→ DATASET RECORDS:
= Beginning of Section =

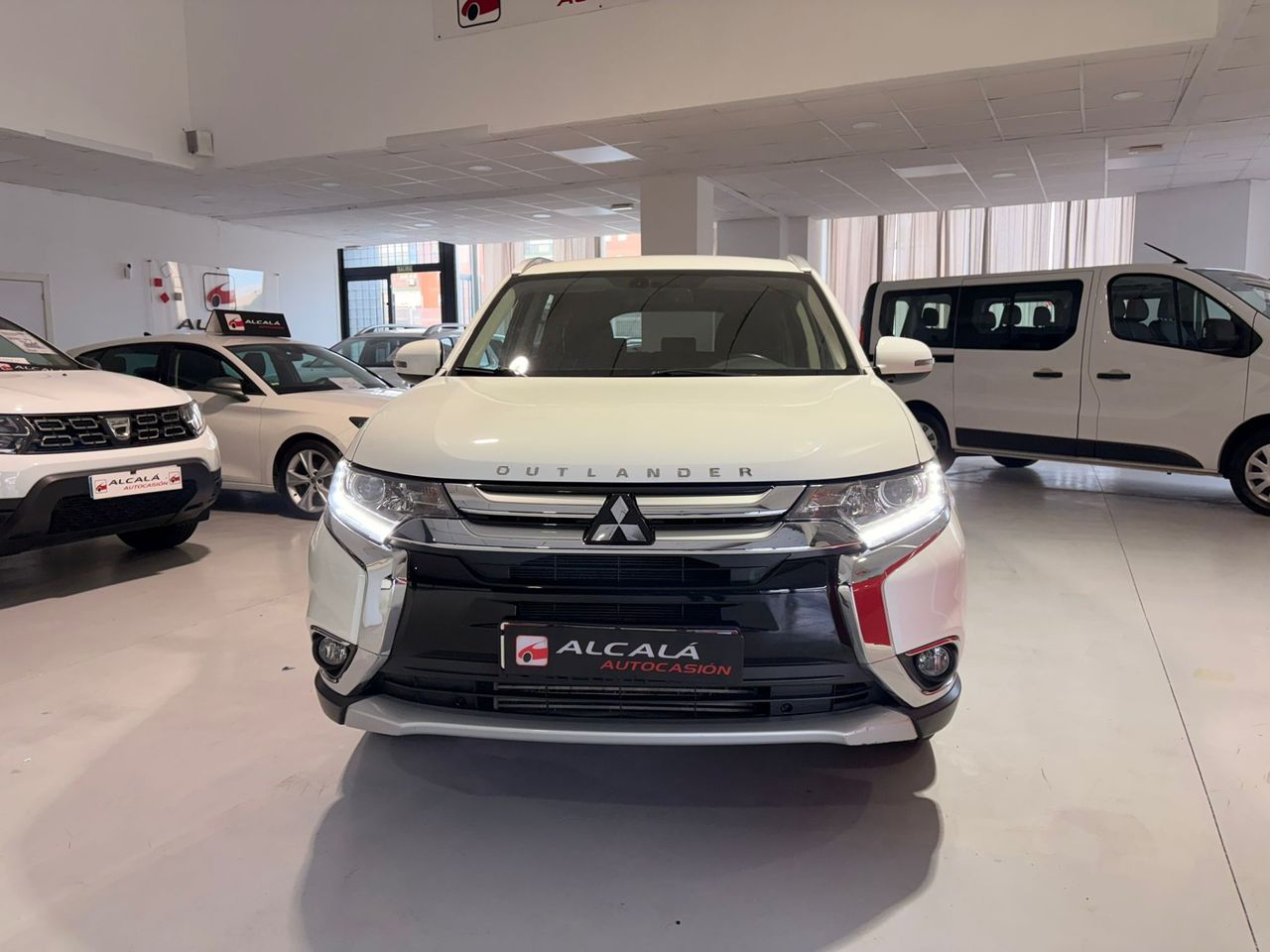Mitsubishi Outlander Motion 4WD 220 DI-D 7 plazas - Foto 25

= End of Section =
= Beginning of Section =

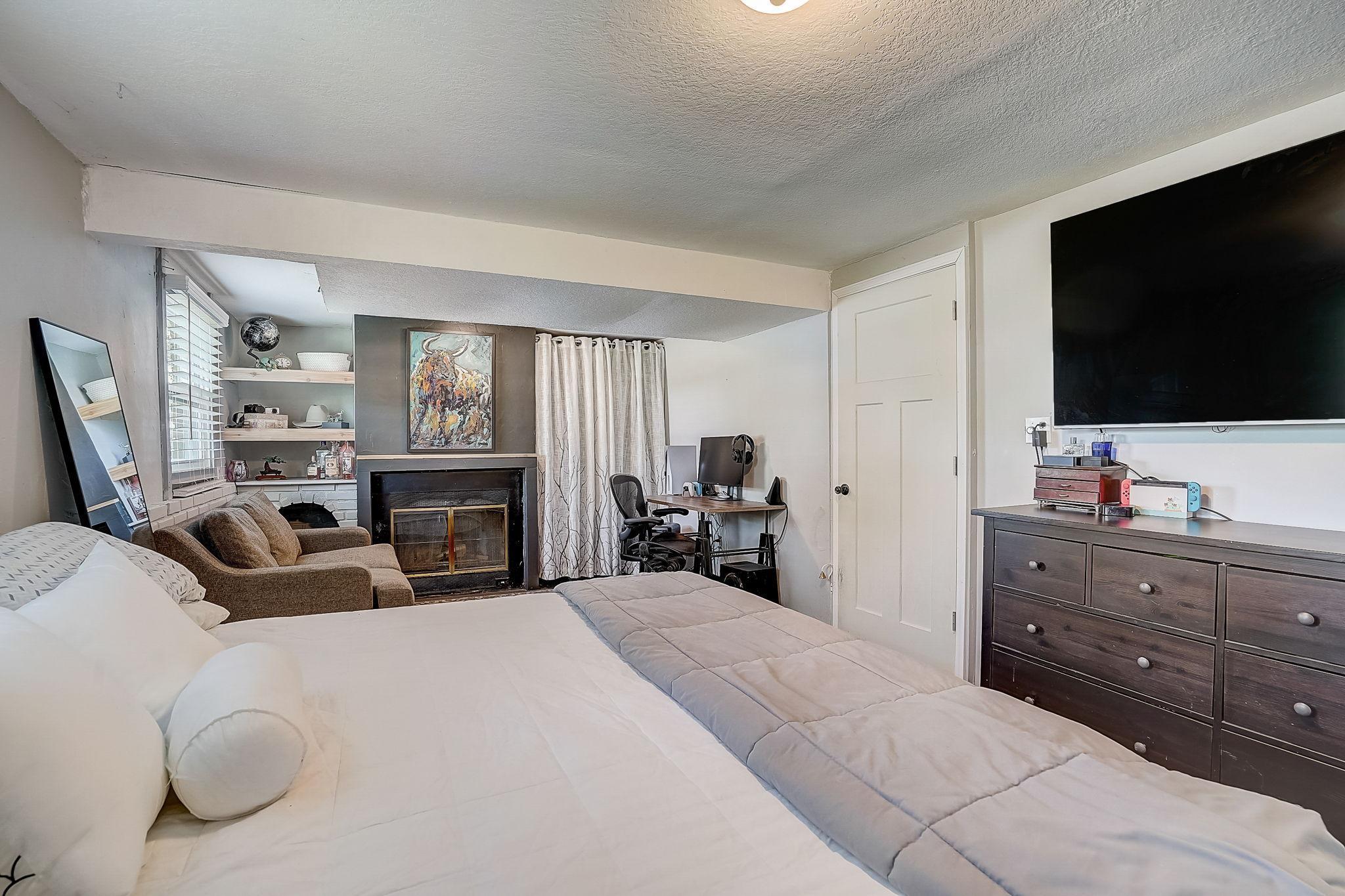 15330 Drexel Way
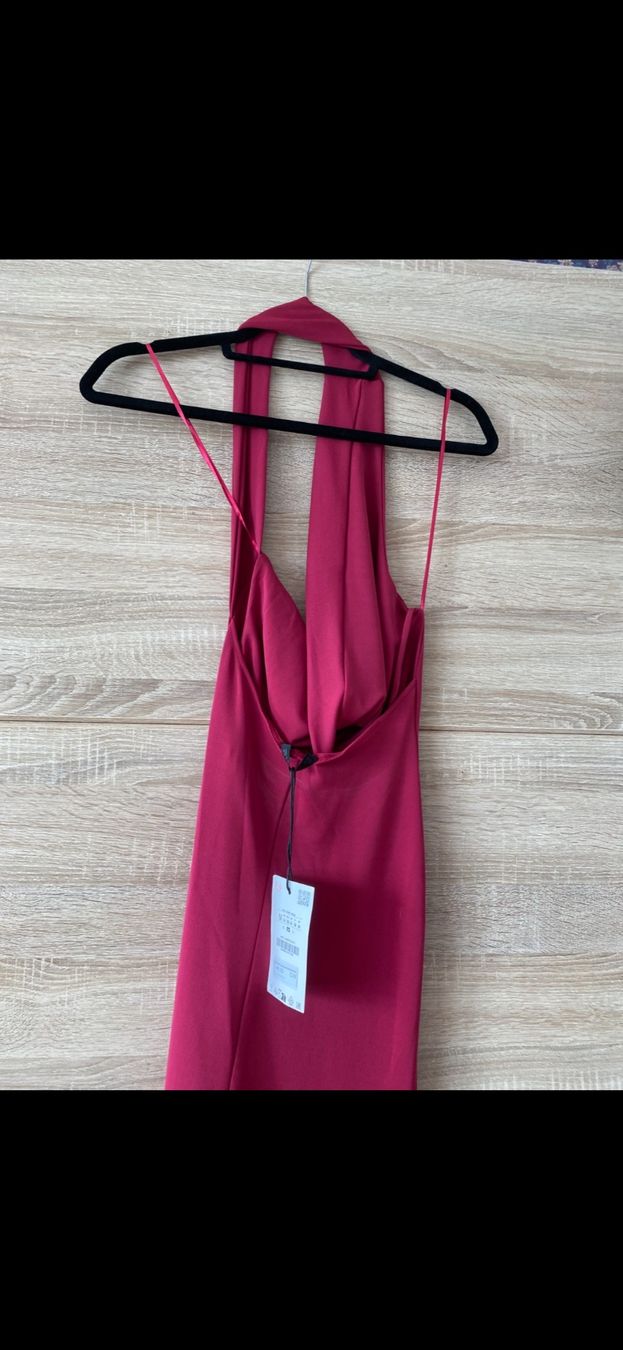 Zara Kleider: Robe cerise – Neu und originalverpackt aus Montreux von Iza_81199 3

= End of Section =

Look above for the line with "15330 Drexel Way", then print it and each line after it down to and including the line with "Zara Kleider: Robe". Leave out the pictures and keep the wording exact.

→ RESPONSE BELOW:
 15330 Drexel Way
 Zara Kleider: Robe cerise – Neu und originalverpackt aus Montreux von Iza_81199 3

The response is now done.